Notice the recursive call passes i, not i + 1. That single character is the difference between "use each element once" and "use each element any number of times." The start index still prevents generating [2, 3] and [3, 2] as separate answers.

Subsets II: Handling Duplicates

With LeetCode 90, the input contains duplicates, like [1, 2, 2], and the basic subsets algorithm would generate duplicate subsets. Both the 2 at index 1 and the 2 at index 2 would produce the subset [1, 2], for instance.

The fix has two parts. First, sort the array so that duplicates are adjacent. Second, within the loop at any recursion level, skip an element if it equals the previous element and the previous element was not chosen at this level. That is, skip nums[i] if nums[i] == nums[i - 1] and i > start.

The condition i > start is the key. When i == start, this is the first time we are considering this value at this level, so we must try it. When i > start, we already tried this same value earlier in the same loop iteration, and including it again would produce a duplicate subset.

Walking Through Subsets of [1, 2, 2]

After sorting, the array is [1, 2, 2]. Let us trace the recursion.

bt(0, []): Record []. Loop from i = 0.

i = 0: Add 1, path = [1]. Record [1]. Call bt(1, [1]).

Inside bt(1, [1]): i = 1, add 2, path = [1, 2]. Record [1, 2]. Call bt(2, [1, 2]).

Inside bt(2, [1, 2]): i = 2, add 2, path = [1, 2, 2]. Record [1, 2, 2]. No more elements. Pop to [1, 2].

Back in bt(1, [1]): pop to [1]. Now i = 2. nums[2] = 2 equals nums[1] = 2, and 2 > start (which is 1). Skip it.

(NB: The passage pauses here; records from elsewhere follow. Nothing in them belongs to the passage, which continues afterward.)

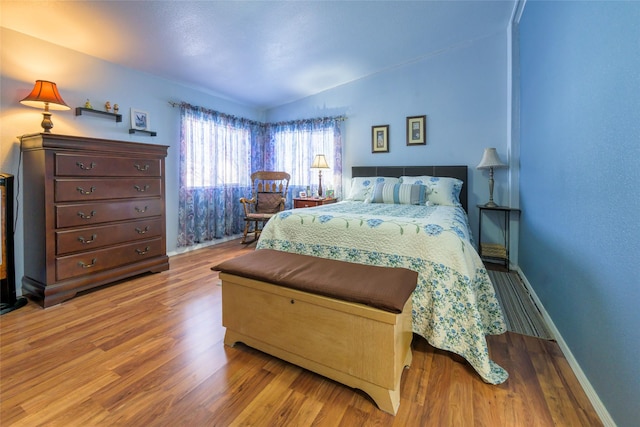 bedroom with wood-type flooring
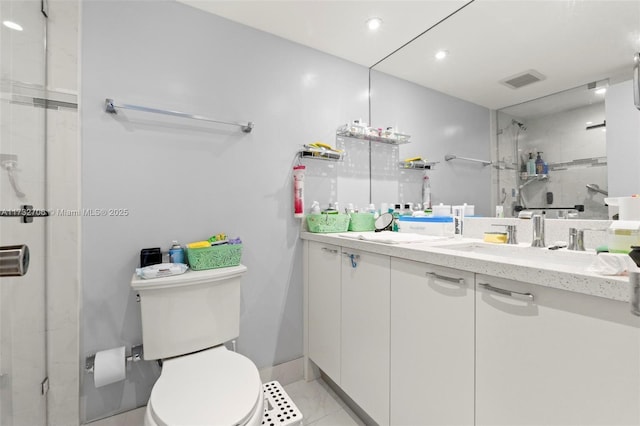 bathroom featuring vanity, a shower, tile patterned floors, and toilet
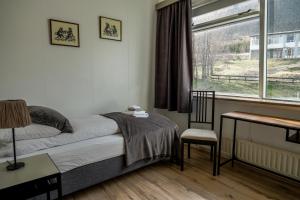 Bíldudalur海港住宿加早餐旅馆的一间卧室配有一张床、一张书桌和一个窗户。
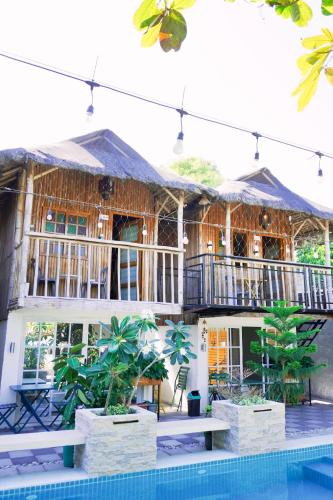 a house with a pool in front of it at Urban Oasis Resort, Tarlac in Tarlac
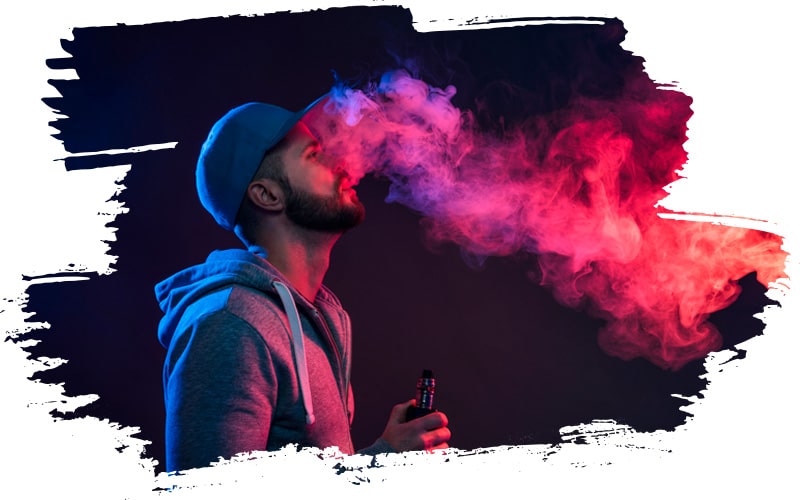 Junge Mann am Dampfen mit einem Vaporizer
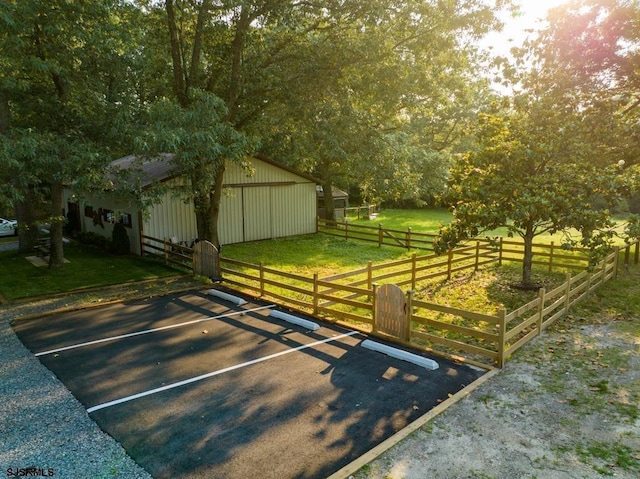 view of horse barn with a rural view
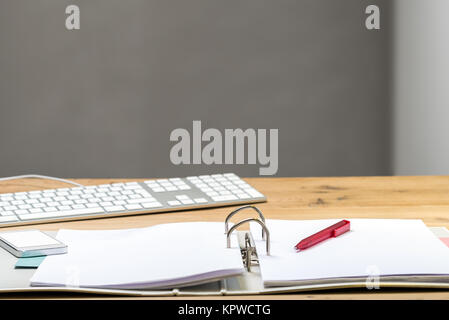 Open folder with keyboard and phone lying on wooden desk Stock Photo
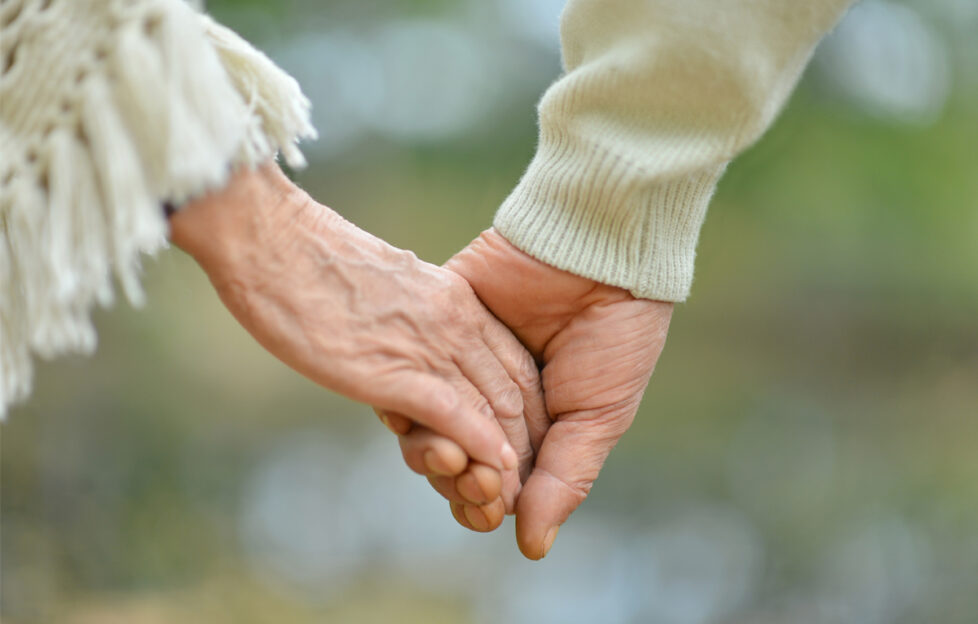 Close up of elderly hands holding hands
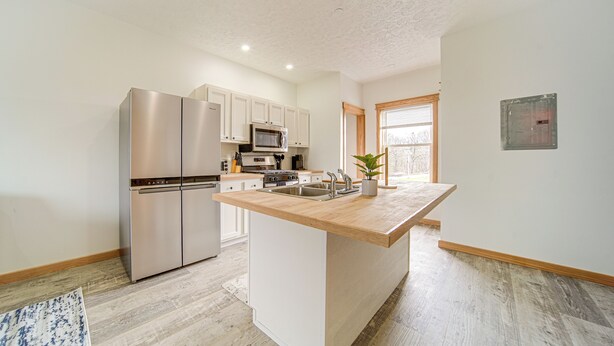 A modern kitchen with stainless steel appliances, a wooden countertop, and a large island. - 4 Mi to Lake Erie: Condo w/ Golf Course Views! (Erie)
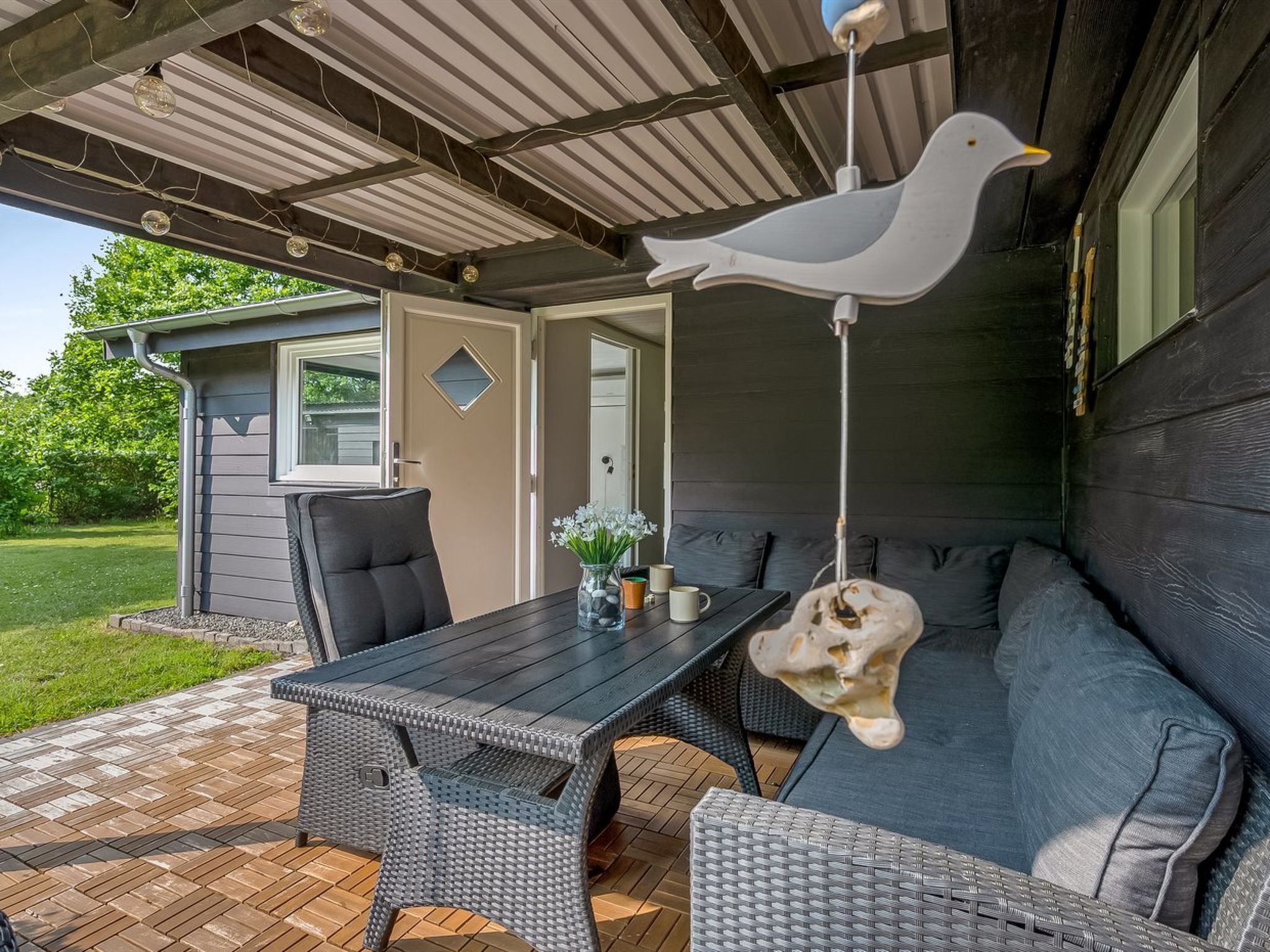 An outdoor patio with a dark-colored table and wicker chairs, a hanging bird decoration, and a small shed in the background.
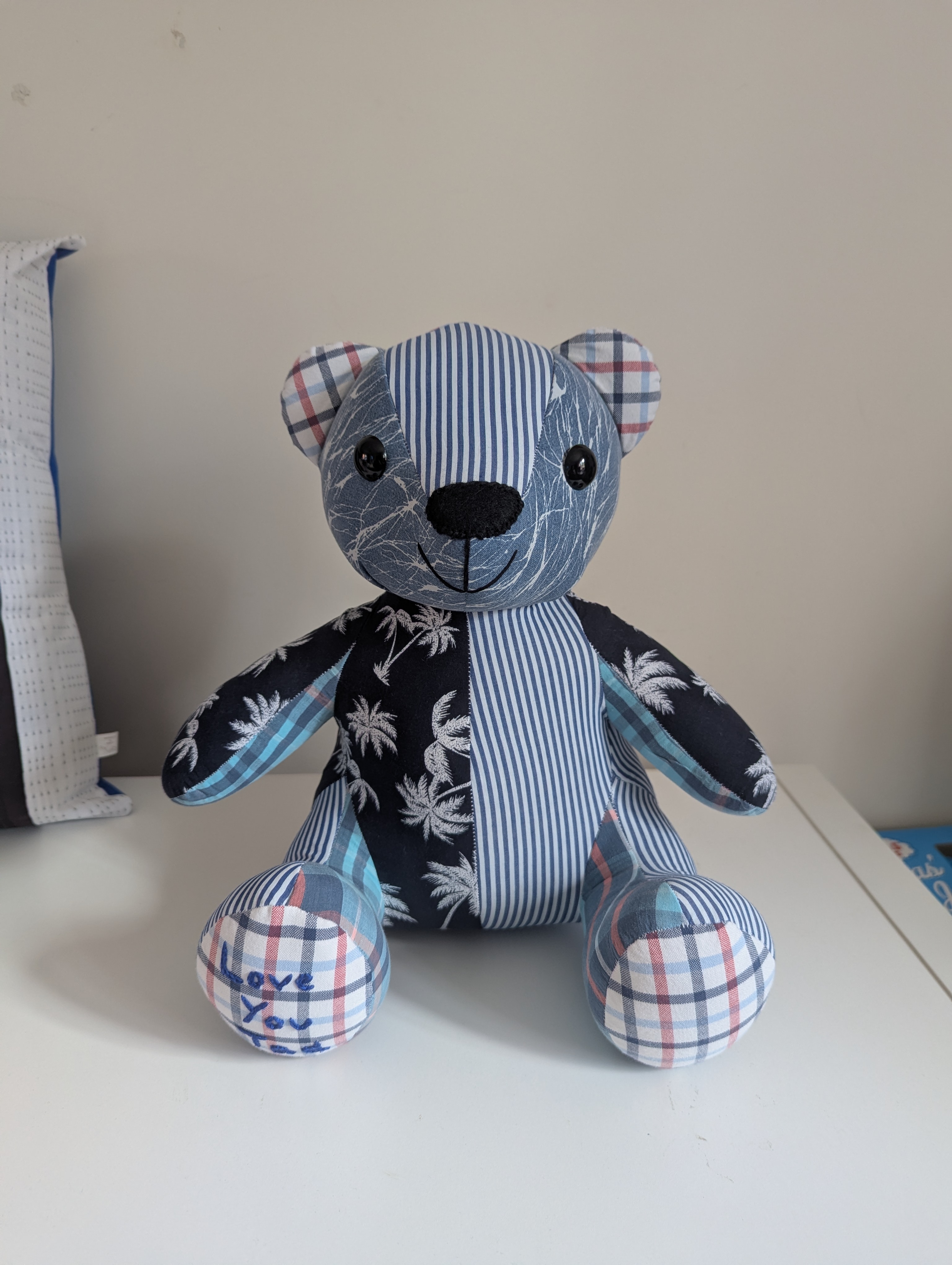Memory bear cushion keepsake made from blue striped and palm tree print clothing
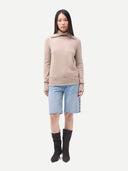 Women's  Warm Grey Fold-Over Turtleneck Cashmere Sweater worn by model, front view on white background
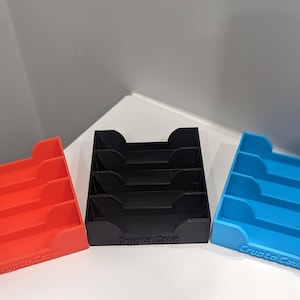Puede incluir: Tres organizadores de almacenamiento de varios niveles en rojo, negro y azul. Cada organizador tiene una base rectangular con cortes curvos y el texto "Crypto Cave" en la parte delantera. Los organizadores están diseñados para guardar y organizar artículos.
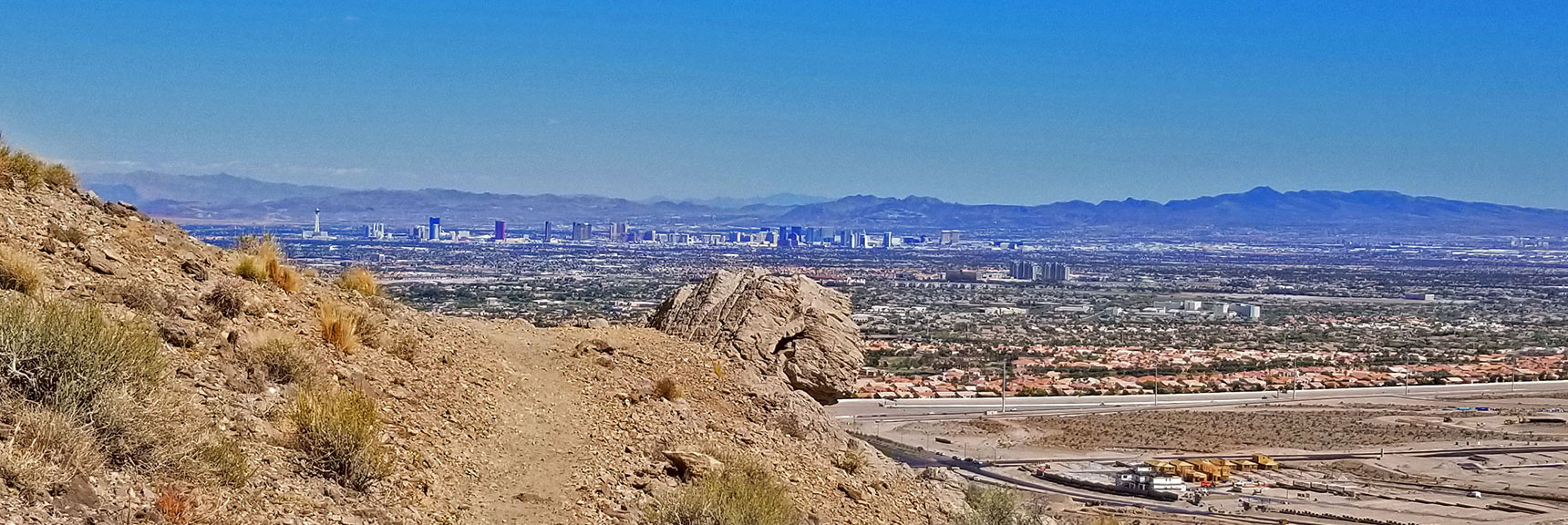 Las Vegas Strip Viewed from Hold Fast Trail. Windy, Clear Afternoon. | Little La Madre Mt, Little El Padre Mt, Little Burnt Peak | Near La Madre Mountains Wilderness, Nevada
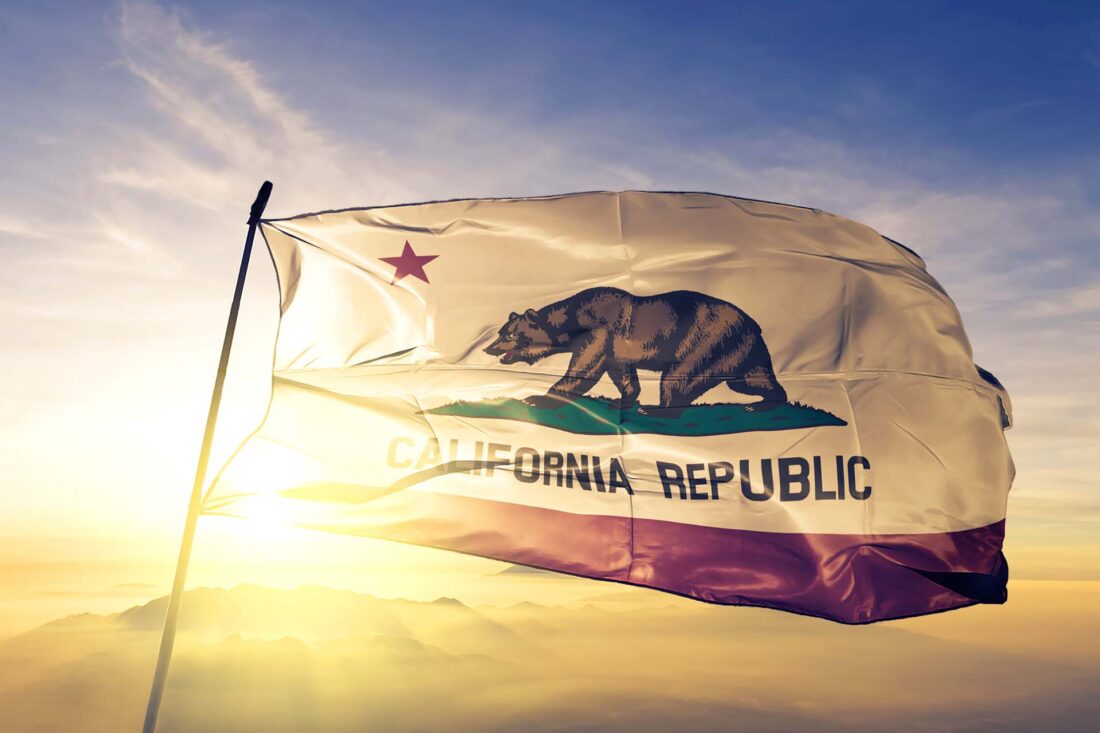 California state of United States flag textile cloth fabric waving on the top sunrise mist fog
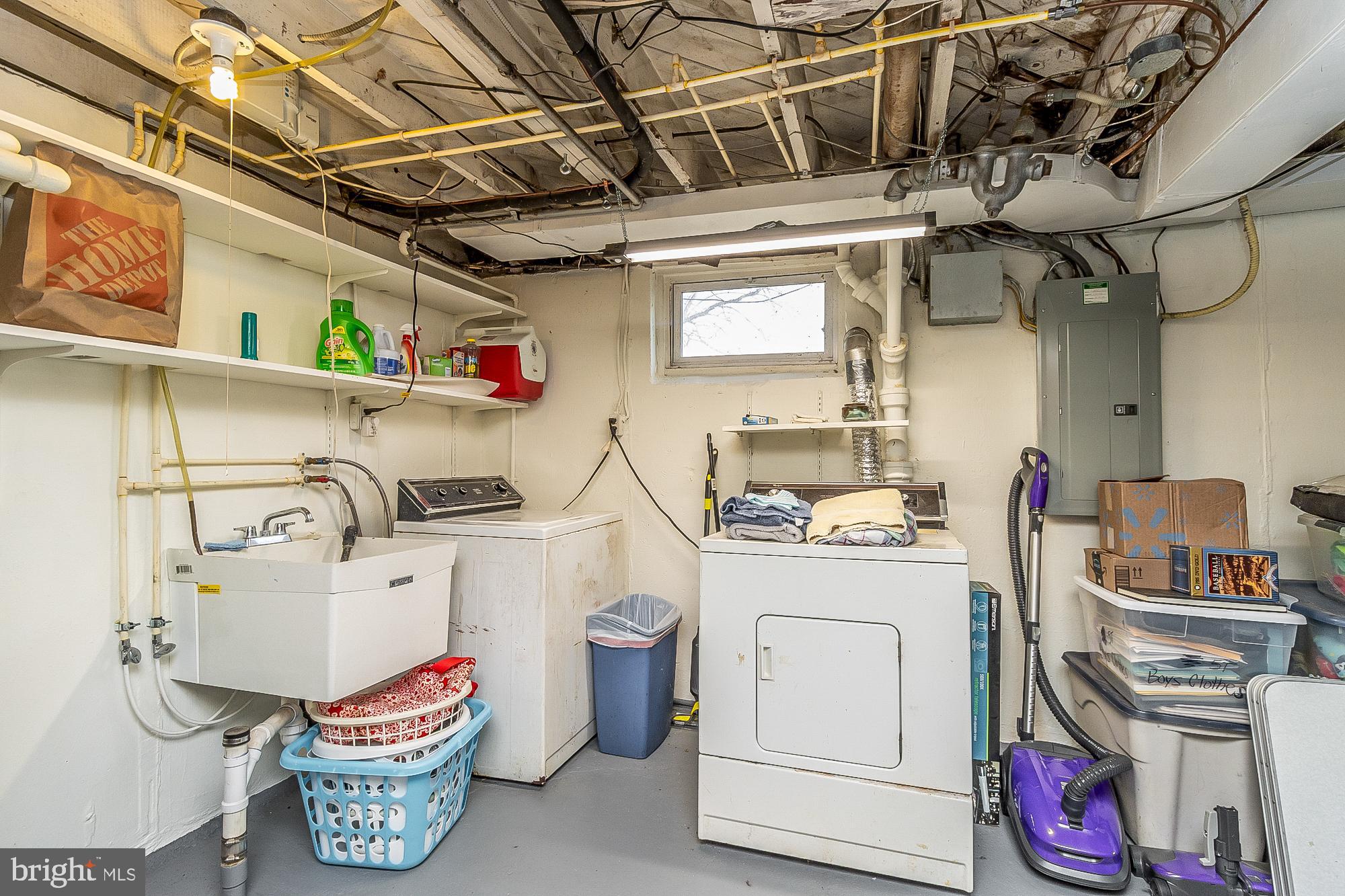 2645 Spring Road Parkville, MD 21234 - Photo 39 of 47 Functional laundry space with ample storage.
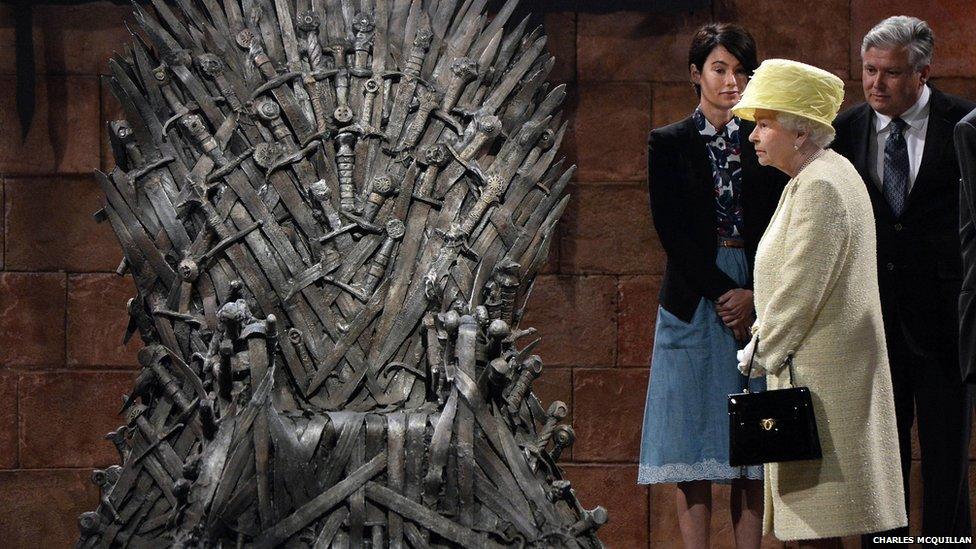 The Queen beside the iconic Iron Throne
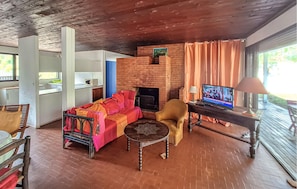 A cozy living area with a brick fireplace, a sofa, a television, and a dining table. - 3 bedroom amazing home in Lacanau (Lacanau)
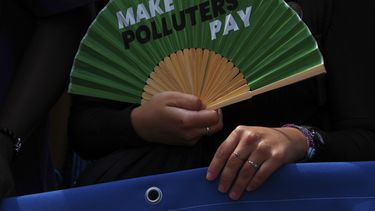 Un activista con un abanico que dice “Que los contaminadores paguen”, en una protesta frente a la sede la Corte Internacional de Justicia en La Haya, Holanda, el 23 de julio del 2025. (AP foto/Peter Dejong)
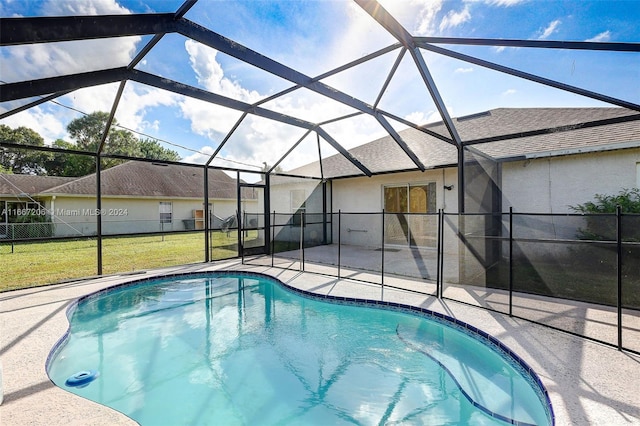 view of pool featuring a lanai, a patio, and a yard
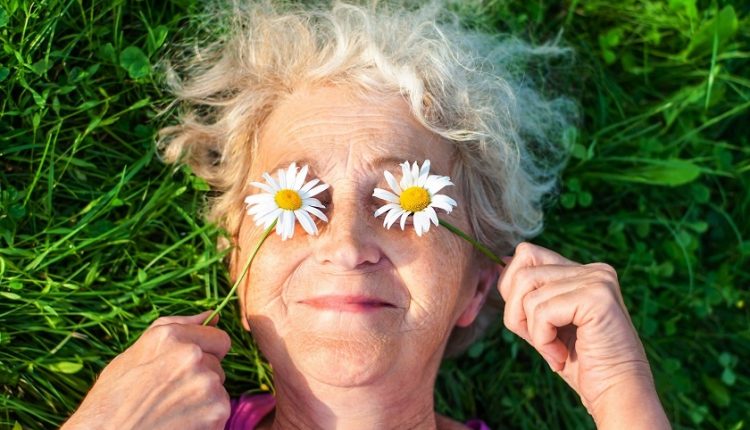 A happy older woman holding flowers in her hands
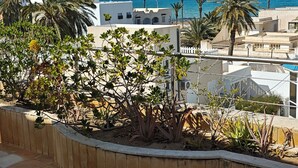 A terrace with tiled flooring, a low retaining wall, and a view of the sea and buildings.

This is where the duplicate [1, 2] would have been generated again, and we prevent it.

Pop to []. Now i = 1: add 2, path = [2]. Record [2]. Call bt(2, [2]).

Inside bt(2, [2]): i = 2, add 2, path = [2, 2]. Record [2, 2]. Pop to [2].

Back at root, i = 2: nums[2] = 2 equals nums[1] = 2, and 2 > start (which is 0). Skip.

Final result: [], [1], [1, 2], [1, 2, 2], [2], [2, 2]. Six unique subsets, no duplicates.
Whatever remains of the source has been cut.